▶ Material for this exercise:
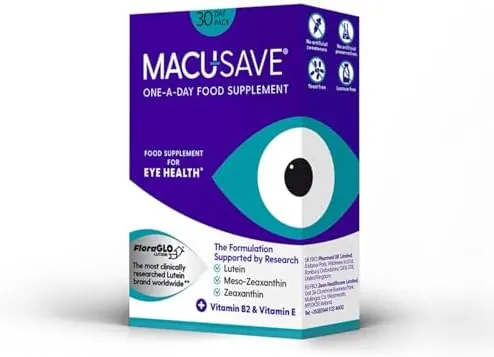 Eye Supplement for Macular Health with Meso-Zeaxanthin/Lutein and Zeaxanthin - Pack of 30 Capsules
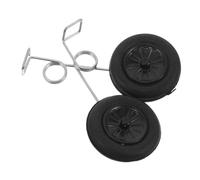 iplusmile 2 pièces Rc Airplane Front Landing Gear Replacement Wheels for Model Aircraft DIY Accessories Compatible with Various Rc Plane Models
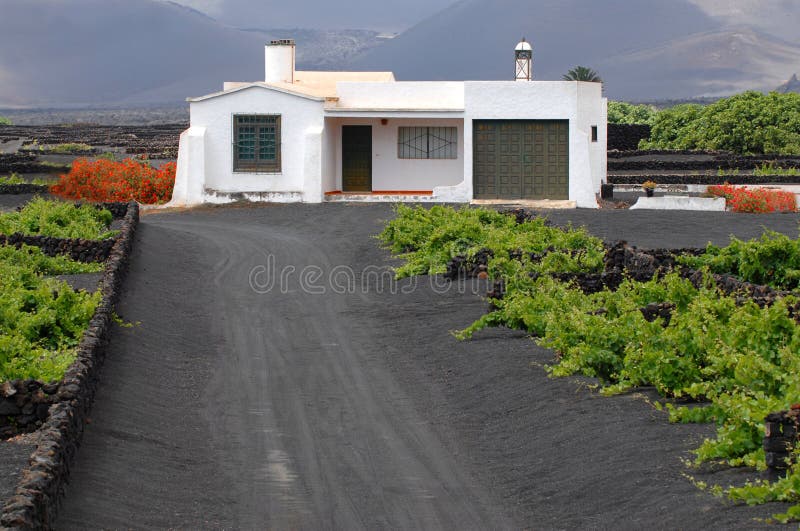 σπίτι Lanzarote χαρακτηριστικό στοκ φωτογραφίες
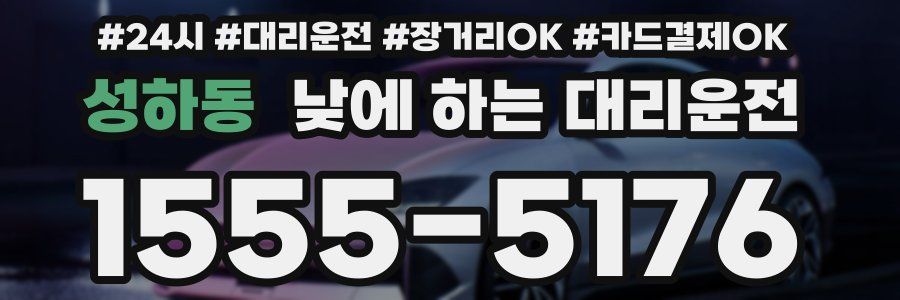 성하동 낮에 하는 대리운전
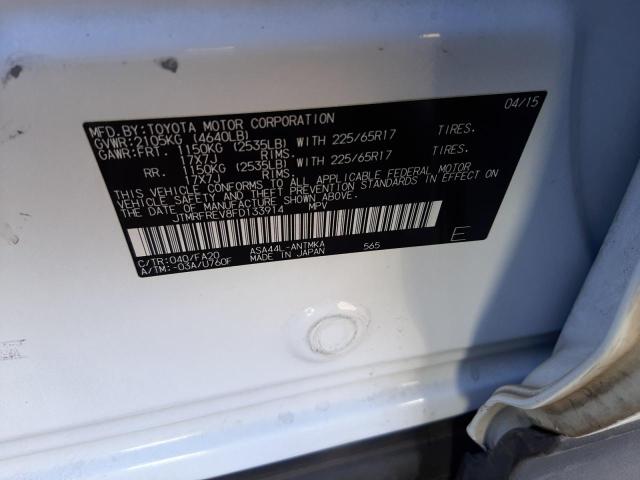 2015 TOYOTA RAV4 XLE JTMRFREV8FD133914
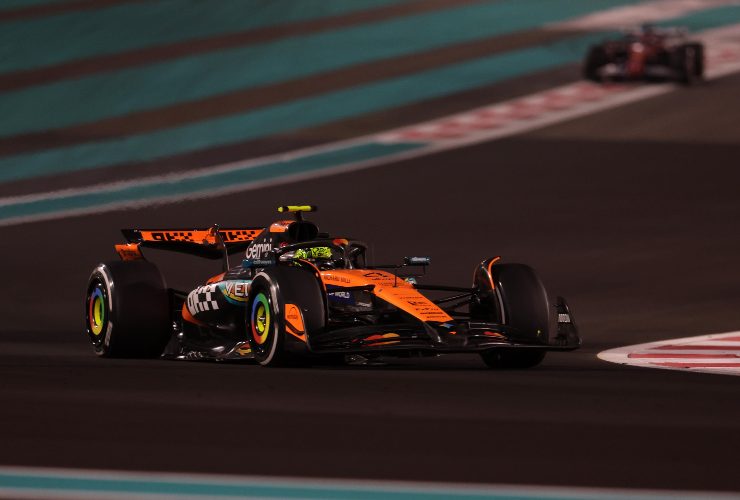 Lando Norris nella sua McLaren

▶ What this task involves: The copy has to start at the line that contains "iplusmile 2 pièces" and end at the last line of the material above, matching the original exactly and holding no pictures.

▶ Output for this task:
 iplusmile 2 pièces Rc Airplane Front Landing Gear Replacement Wheels for Model Aircraft DIY Accessories Compatible with Various Rc Plane Models
 σπίτι Lanzarote χαρακτηριστικό στοκ φωτογραφίες
 성하동 낮에 하는 대리운전
 2015 TOYOTA RAV4 XLE JTMRFREV8FD133914
 Lando Norris nella sua McLaren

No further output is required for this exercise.